This establishing of relationships between metadata managed in different services is simply an application of the concepts of linked data. Establishing a connection between two such resource descriptions allows them to remain fully within their respective managing microservices. It provides a solution to the dreaded practice of duplicating and copying metadata between system components.

When a relationship is established between two or more resources, that relationship needs to be persisted somewhere. The sensible place to store the relationship and its links to resources, is in the Codex domain, in the app used to manage relationships.

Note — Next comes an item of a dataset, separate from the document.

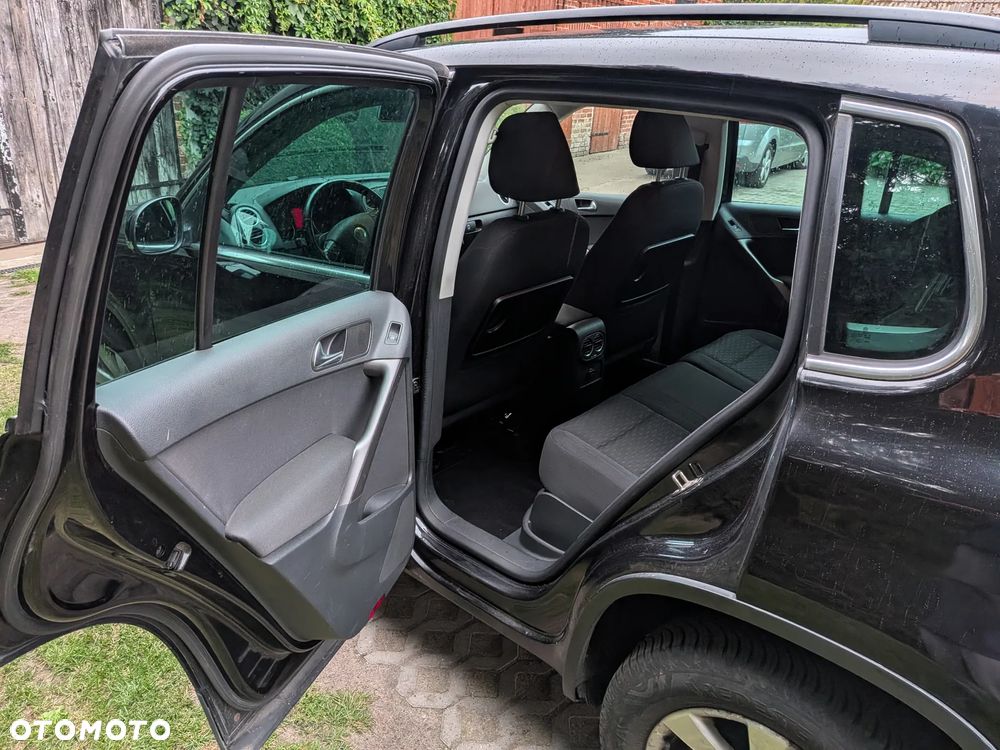 Volkswagen Tiguan - 5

For example, to describe a particular Work it may be necessary to establish a relationship between an ebook managed in eHoldings and a print book managed in Inventory. The work is itself an entity and therefore it needs to be persisted in a microservice that will be responsible for it (source of truth). One approach might be to attempt to duplicate the ebook metadata in Inventory or alternatively duplicate the print book metadata in eHoldings. However, either of those creates direct dependencies and entanglements between the two microservices. Furthermore, it would introduce a problem of data synchronization and might also create an ambiguous source of truth. A better approach is to use another microservice, which is neither Inventory nor eHoldings, to persist and manage the Work. That microservice would be Codex.

Codex is Resource Central.

Authorities and controlled vocabulary lists are a natural fit for Codex. Implementing these in the Codex domain makes them available to all Domains equally - they can be linked to from Inventory, eHoldings or MARCcat. These could not only be usable in the narrow context of  resource management, but also potentially in other areas of Folio..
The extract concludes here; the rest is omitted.